Gabby is standing on a river bank. She has two clay jars: one – for 5 litres, and about the second Gabby remembers only that it holds either 3 or 4 litres. Help Gabby determine the capacity of the second jar. (Looking into the jar, you cannot figure out how much water is in it.)
On Brennan’s birthday, the postman Daniel wants to find out how old Brennan is. Sarah says that Brennan is over 11 years old, and Matt claims that he is more than 10 years old. How old is Brennan, if it is known that exactly one of them was mistaken? Justify your answer.
In the garden of Sandra and Lewis 2006 rose bushes were growing. Lewis watered half of all the bushes, and Sandra watered half of all the bushes. At the same time, it turned out that exactly three bushes, the most beautiful, were watered by both Sandra and Lewis. How many rose bushes have not been watered?
In a physics club, the teacher created the following experiment. He spread out 16 weights of weight 1, 2, 3, ..., 16 grams onto weighing scales, so that one of the bowls outweighed the other. Fifteen students in turn left the classroom and took with them one weight each, and after each student’s departure, the scales changed their position and outweighed the opposite bowl of the scales. What weight could remain on the scales?

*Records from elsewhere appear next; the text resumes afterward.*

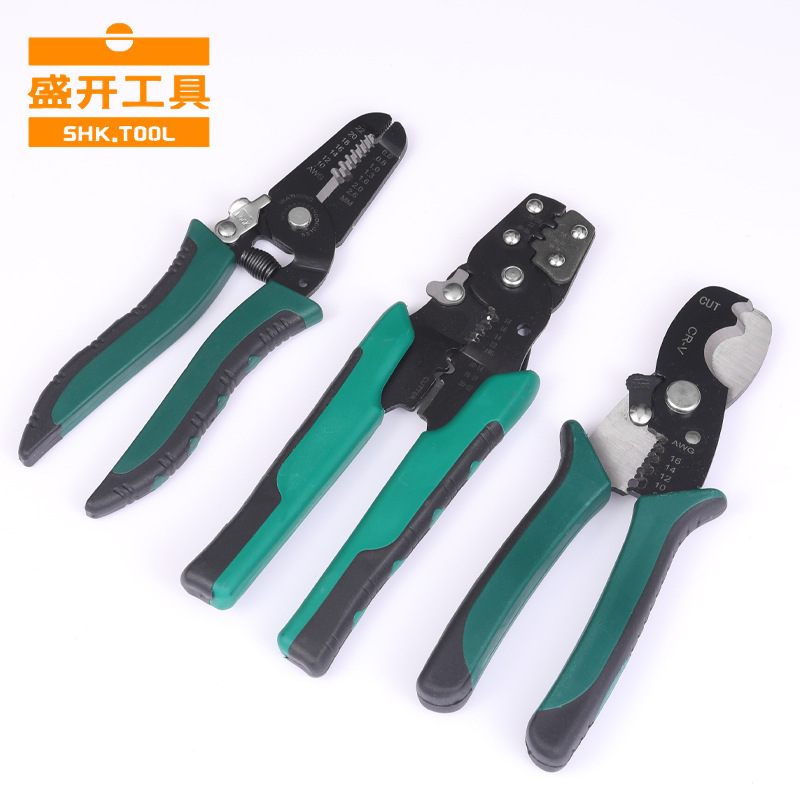 厂家供应多功能手动剥线钳省力耐用 电工剪刀剪压线电缆剥皮钳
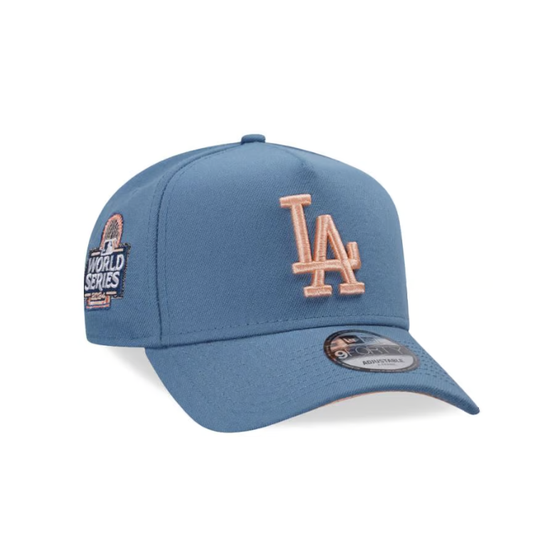 New Era 9forty A Frame LA Dodgers Indigo Peach
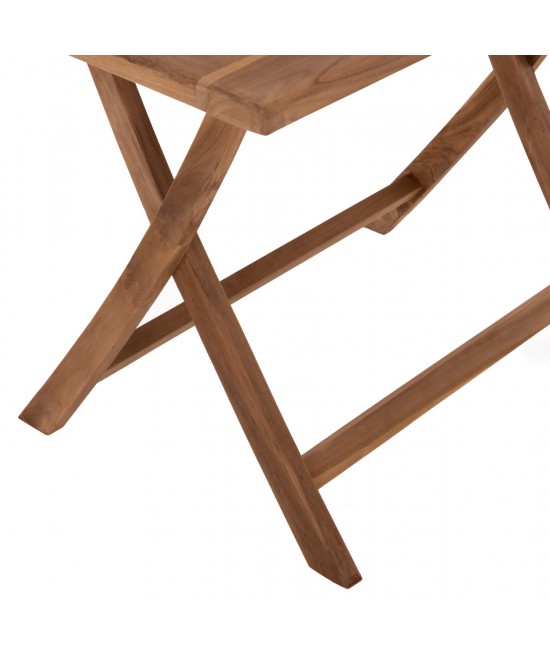 ΤΡΑΠΕΖΙ ΤΡΑΠΕΖΑΡΙΑΣ KENDALL ΠΤΥΣΣΟΜΕΝΟ HM9542 TEAK ΣΕ ΦΥΣΙΚΟ ΧΡΩΜΑ 120x80x75Yεκ.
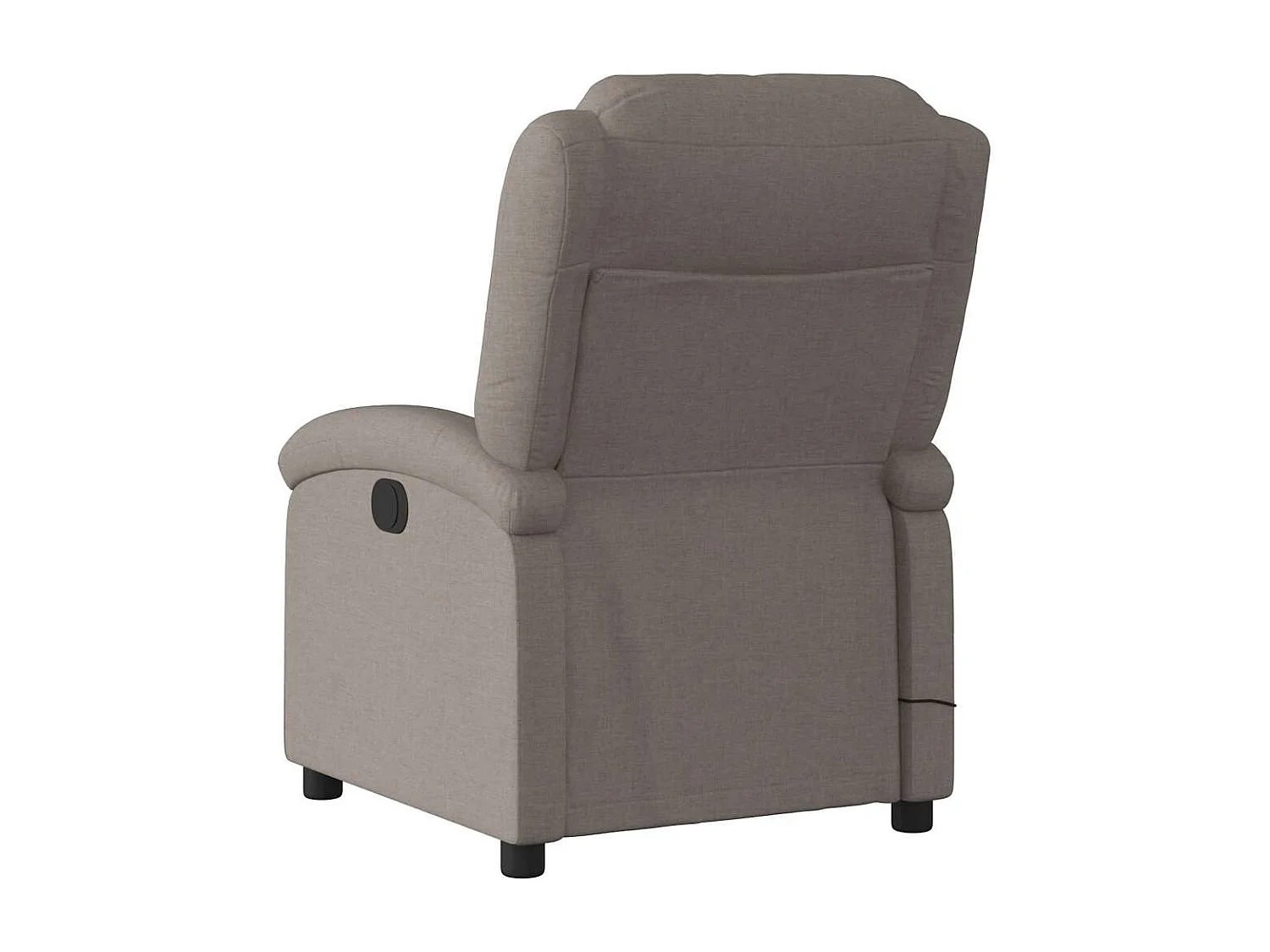 Sillón de salón | Silla | Sillón de masaje reclinable de tela gris taupé SHL5082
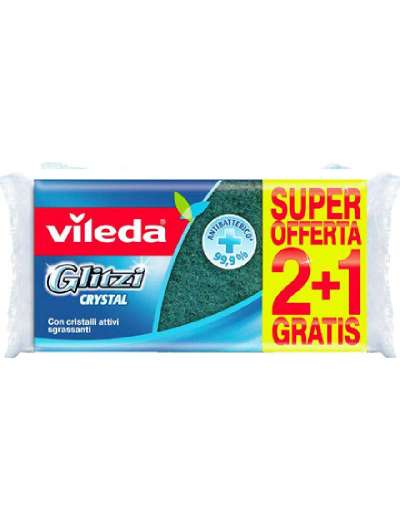 VILEDA SPUGNA GLITZI CRYSTAL 2+1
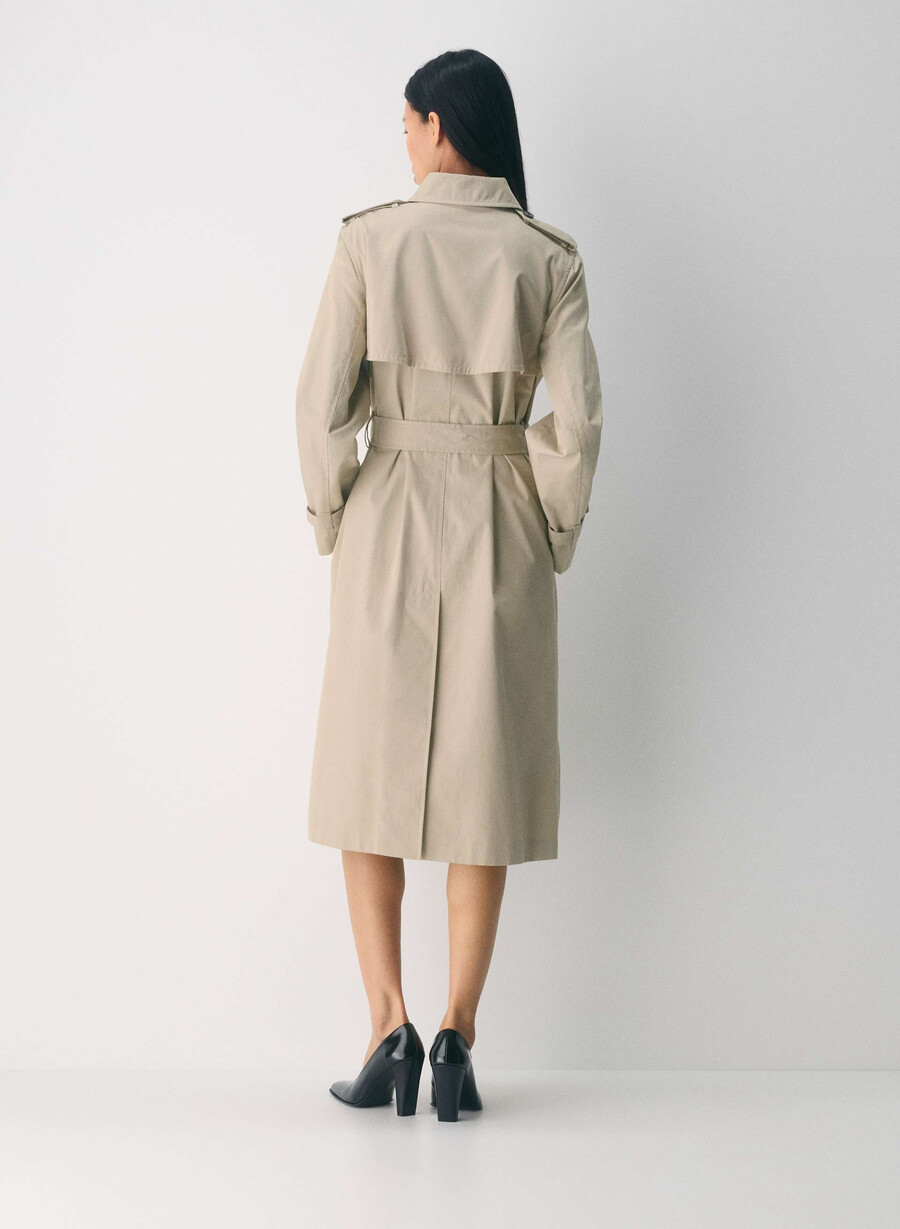 trench the finch - city twill marcona beige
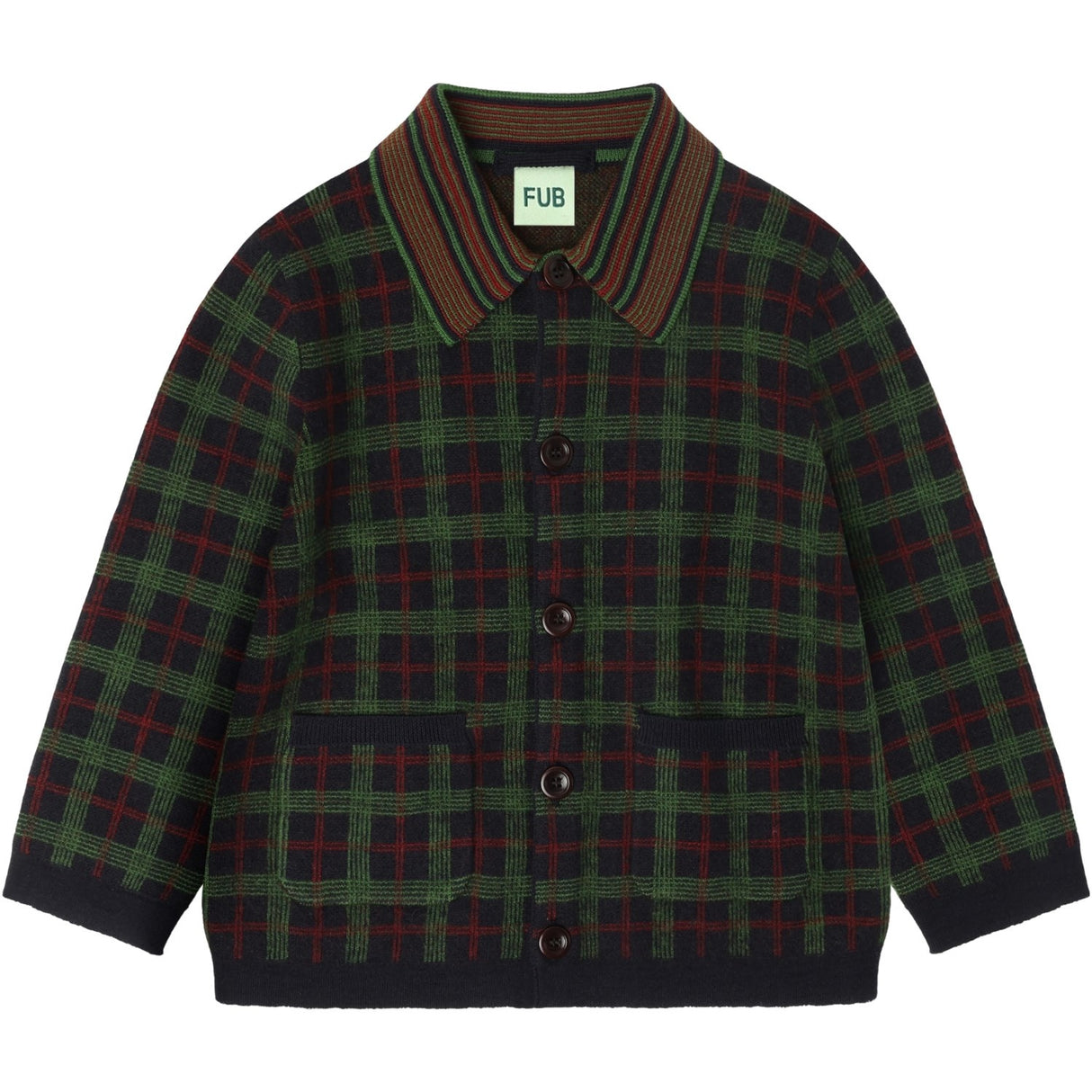 FUB Dark Navy Felted Jacka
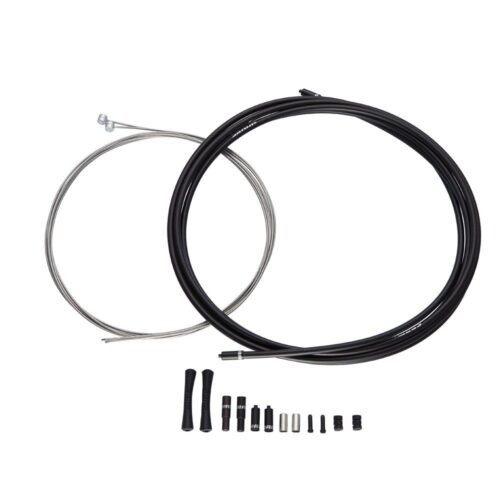 SRAM SlickWire Pro Road Brake Cable Kit 5mm (1x 850mm, 1x 1750mm 1.5mm pol SS cables, 5mm Kevlar? reinforced linear strand housing, ferrules, end caps, frame protectors): WHITE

The surface of a \(3\times 3\times 3\) Rubik’s Cube contains \(54\) squares. What is the maximum number of squares we can mark so that no marked squares share at least one vertex?
Make sure you show that both (a) you can achieve this maximum and (b) that you can’t do better than this maximum.
Is it possible to place 12 identical coins along the edges of a square box so that touching each edge there were exactly: a) 2 coins, b) 3 coins, c) 4 coins, d) 5 coins, e) 6 coins, f) 7 coins.
You are allowed to place coins on top of one another. In the cases where it is possible, draw how this could be done. In the other cases, prove that doing so is impossible.
The centres of all unit squares are marked in a \(10 \times 10\) chequered box (100 points in total). What is the smallest number of lines, that are not parallel to the sides of the square, that are needed to be drawn to erase all of the marked points?
Prove that, in a circle of radius 10, you cannot place 400 points so that the distance between each two points is greater than 1.
A circle is covered with several arcs. These arcs can overlap one another, but none of them cover the entire circumference. Prove that it is always possible to select several of these arcs so that together they cover the entire circumference and add up to no more than \(720^{\circ}\).
At the end of the term, Billy wrote out his current singing marks in a row and put a multiplication sign between some of them. The product of the resulting numbers turned out to be equal to 2007. What is Billy’s term mark for singing? (The marks that he can get are between 2 and 5, where 5 is the highest mark).